Per le conclusioni dobbiamo tornare al secondo attore della nostra storia dopo John Prados, ossia a Bolaño, e capire cosa lo ha spinto a fare di questo gioco l’ispirazione per uno dei più importanti romanzi intimisti della letteratura sudamericana.

Per cominciare, la passione che Third Reich è in grado di suscitare nelle persone, Bolaño in primis. Il nostro è un wargamer. Fanatico. Ma non solo, è un fanatico proprio di Third Reich. Nel romanzo il protagonista, che è campione quasi indiscusso con tanti tornei alle spalle, descrive con estrema dovizia di particolari articoli di The General, testi di autori di giochi, situazioni tipiche delle convention, senso di isolamento del giocatore da una società che non lo comprende e che lui stesso non vuole più comprendere, distacco dal mondo avvilente e “inutile” della realtà per accostarsi alla magia delle possibilità della Storia e dei suoi infiniti bivi. Tutto questo c’è, esiste, è documentato, anzi documentatissimo anche grazie all’apporto di un autore e wargamer del calibro di Andrea Angiolino come consulente tecnico per la traduzione italiana.

In secondo luogo, il potere evocativo di Third Reich, che ben si presta non solo a coinvolgere il lettore nei meandri labirintici delle possibilità del gioco, ma che funge anche da supporto ideale a una descrizione allegorica della Storia, della letteratura e dei loro mille incroci. Un gioco che si fa romanzo, in cui il protagonista rivede sé stesso e le sue scelte di vita alla luce degli eventi sia della Storia reale che di quella prodotta dal gioco, in cui i generali tedeschi vengono trattati alla stregua di scrittori, in cui il rimpianto per una mossa sbagliata o l’entusiasmo per una nuova possibile opzione si fondono e si confondono con il senso di colpa per gli orrori del passato e l’inesorabile fiducia per i possibili futuri ancora in attesa sul proprio percorso personale. Tutte suggestioni ben evidenziate che il giornalista e scrittore (e wargamer) Salvatore Santangelo ha saputo ben mettere in evidenza nei suoi molti studi sia sul gioco che sul romanzo.

Infine, ultimo ma non ultimo (perché ce ne sarebbe ancora da dire!), il livello di dettaglio storico fornito da un sistema comunque giocabile, che alle volte si perde un po’ nelle sue convolute eccezioni ma che mantiene sempre una solidissima struttura centrale a cui è facile tornare.

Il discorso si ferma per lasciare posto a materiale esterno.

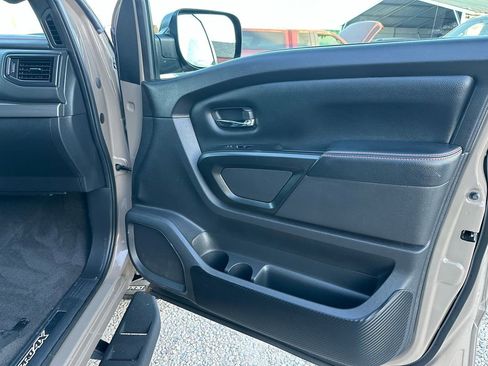 Used 2021 Nissan Titan PRO-4X w/ Off Road Protection Package image 13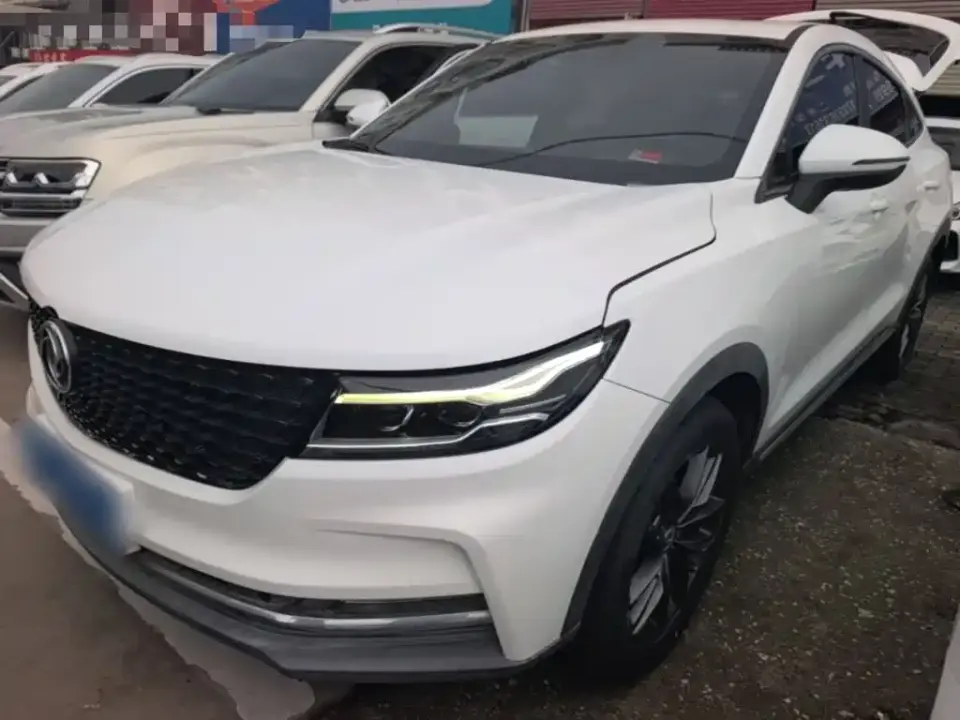 Dongfeng Fengguang Fengguang ix5 220T CVT Zhi Yue China VI 2021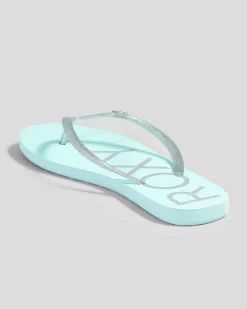 Online Viva Sparkle Thongs Women Flip Flops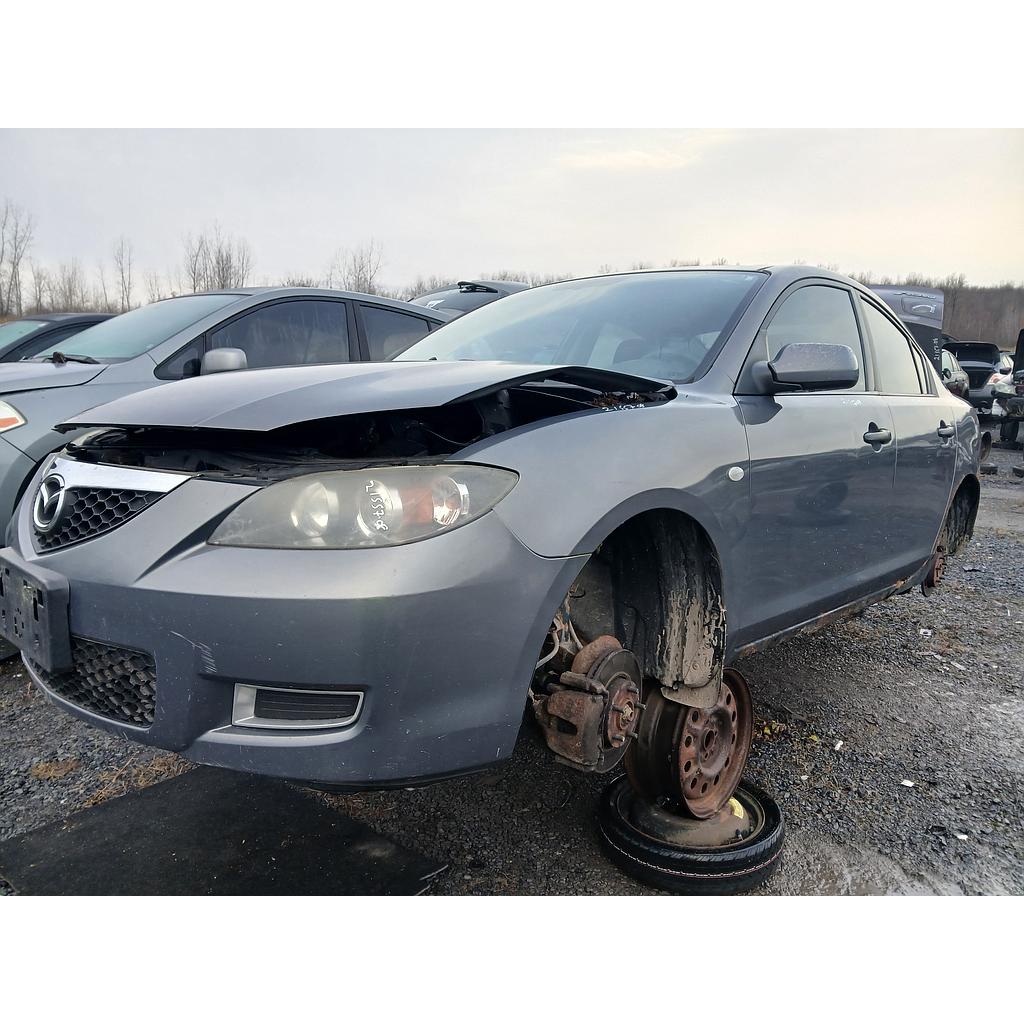MAZDA MAZDA3 2008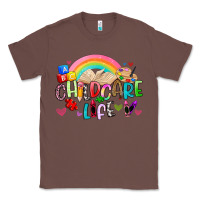 Chestnut childcare life Classic Tee - Artiststas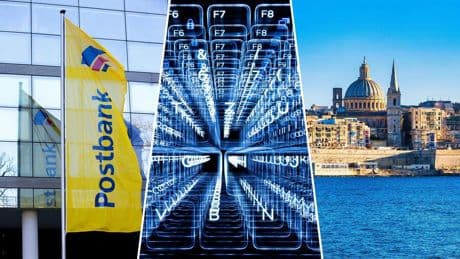 Kontobetrug: Seltsame Überweisung nach Malta – das Phishing-Problem der Postbank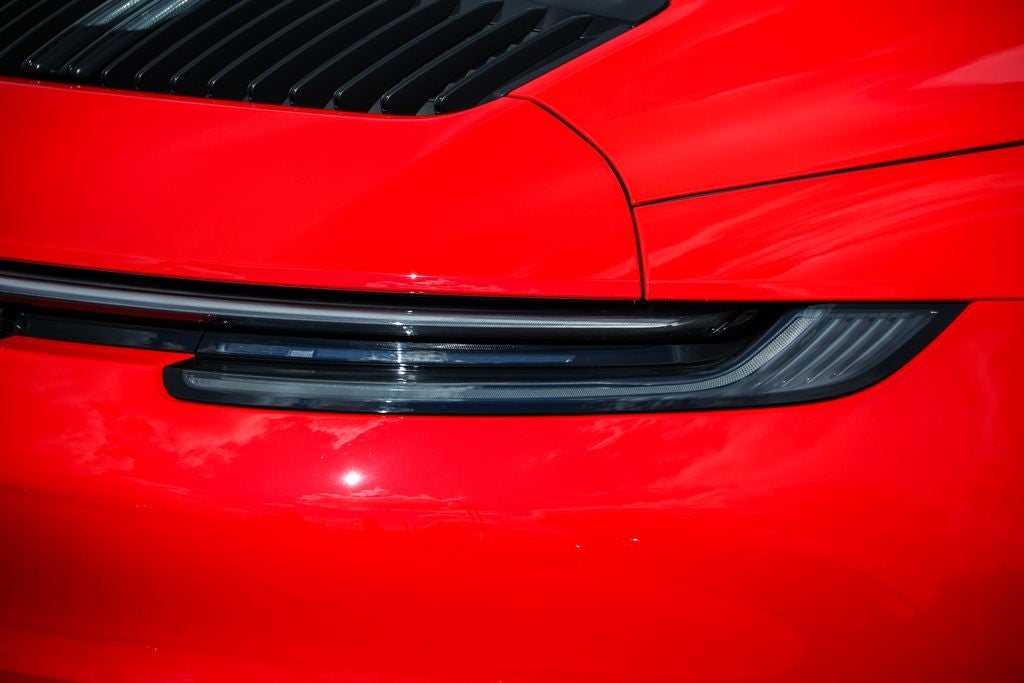 2024 Porsche 911 Base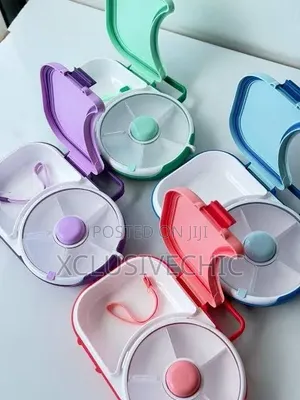 Gobe Snack Spinner Lunchbox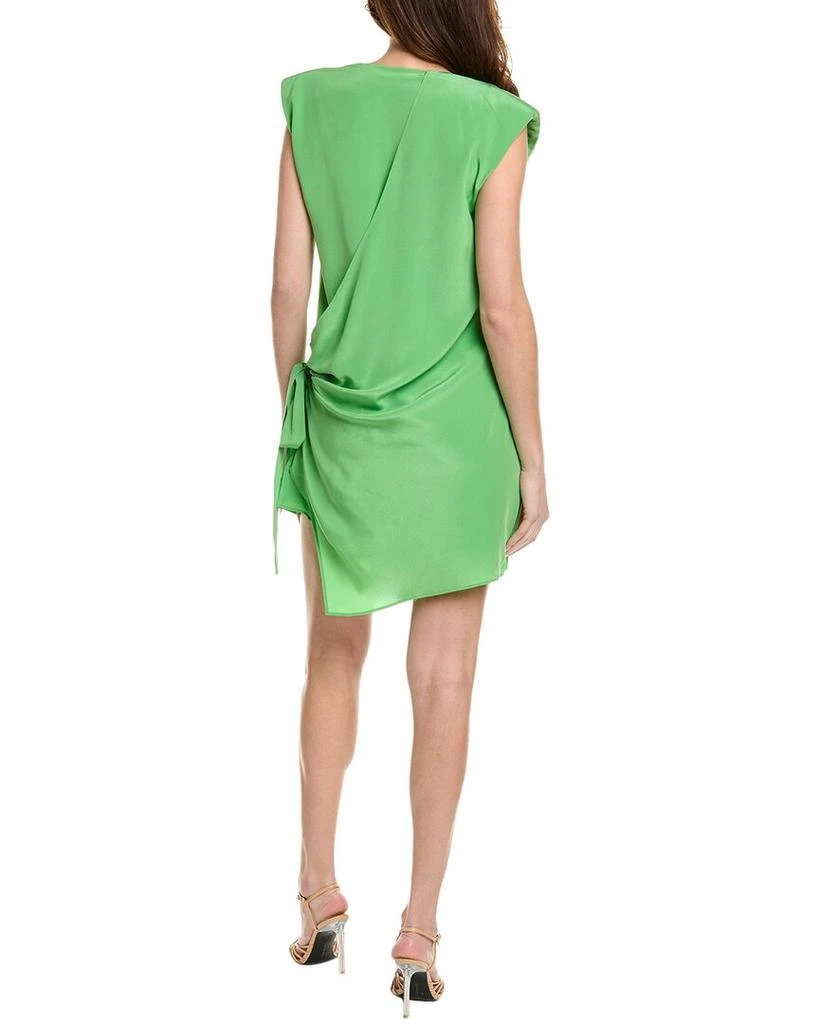 Equipment Ingrid Silk Mini Dress 2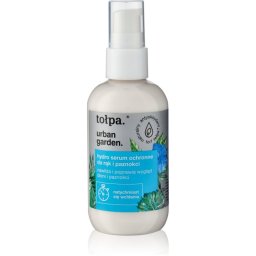 Tołpa Urban Garden Protective Hydro Serum Intensely Hydrating Serum for hands and nails 100 ml
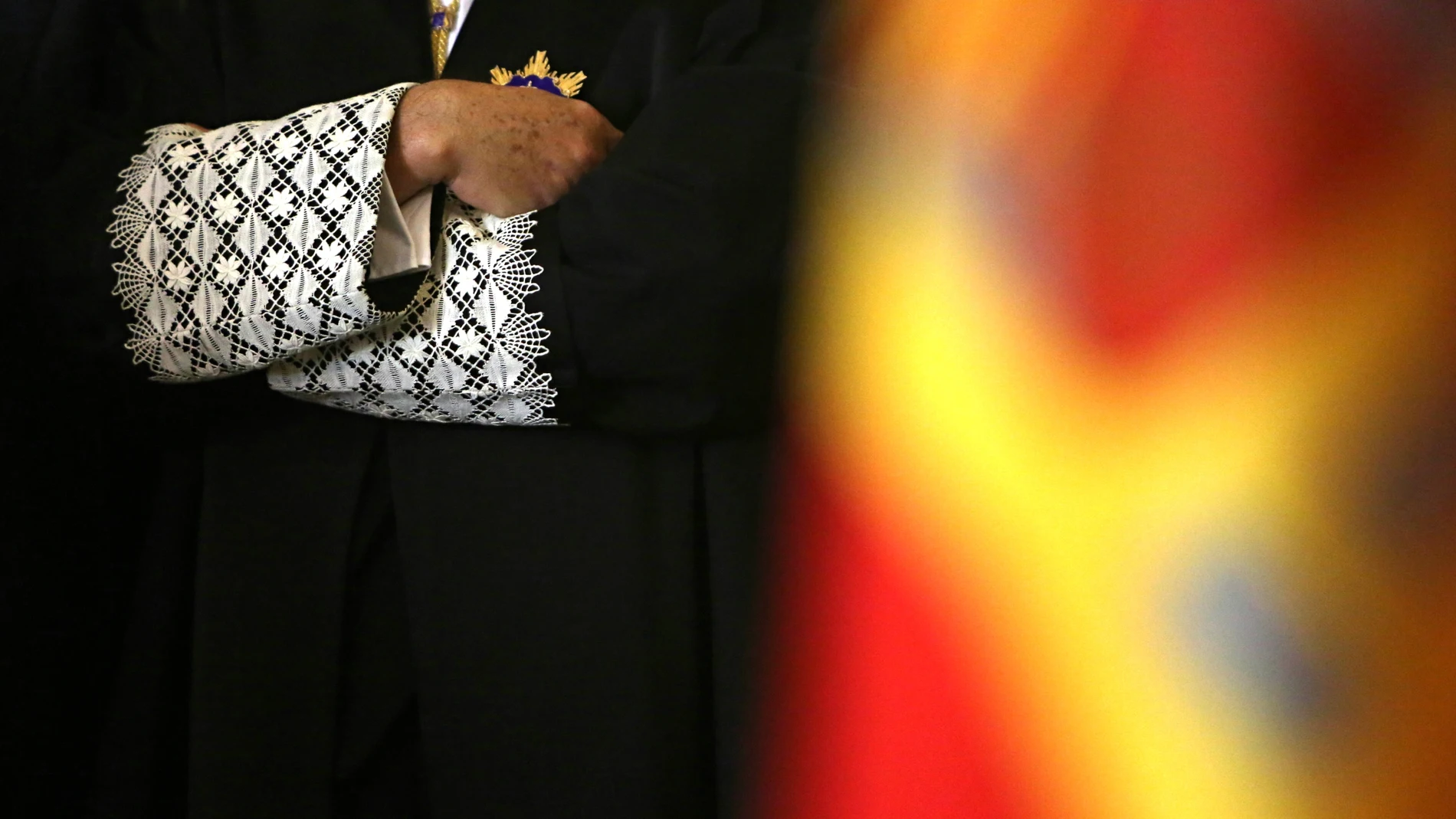 Jueces y Fiscales en el Tribunal Supremo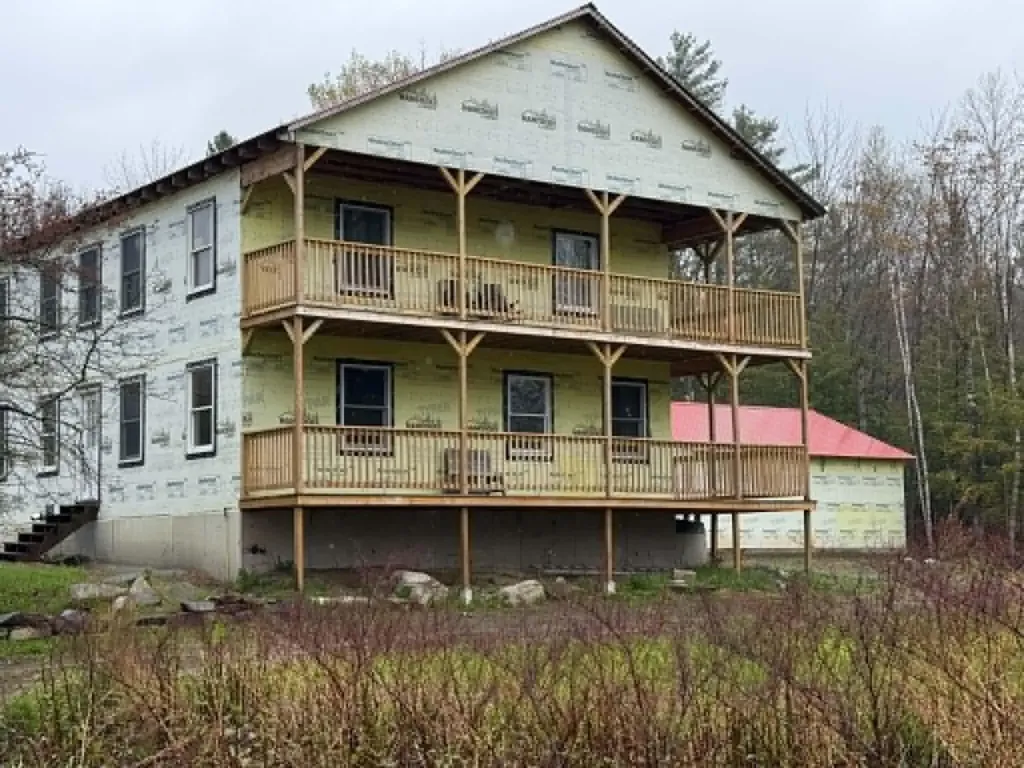 33 Lake Street New Vineyard ME 04956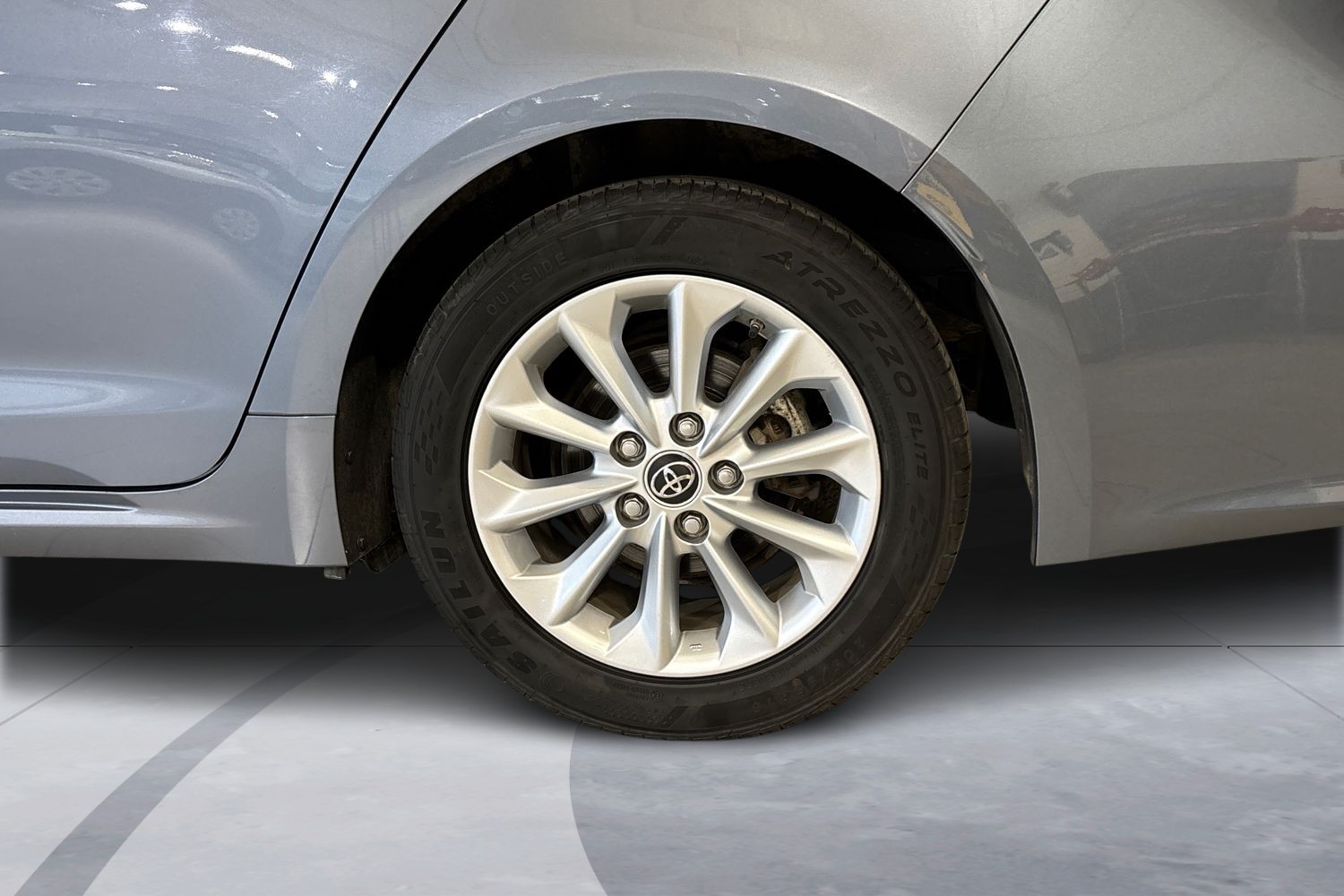 Toyota Corolla 2019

Il tutto per un titolo che non solo ha fatto parlare di sé, ma che è alla base di altre decine di titoli che hanno fatto parlare di sé. Un gioco forse non per tutti i giocatori, ma che ha in parte definito anche cosa significhi essere un giocatore. Un wargame che ha avuto i suoi effetti anche al di fuori del mondo del wargame, un’opera di Storia possibile che è risultata almeno tanto avvincente quanto la Storia reale.

Per l’appunto, un gioco che è diventato un romanzo… o forse un romanzo che si è fatto gioco.

Commenti

Bellissima storia, anche se il gioco continua a spaventarmi

Sinclair grandissimo narratore di storie di wargame! 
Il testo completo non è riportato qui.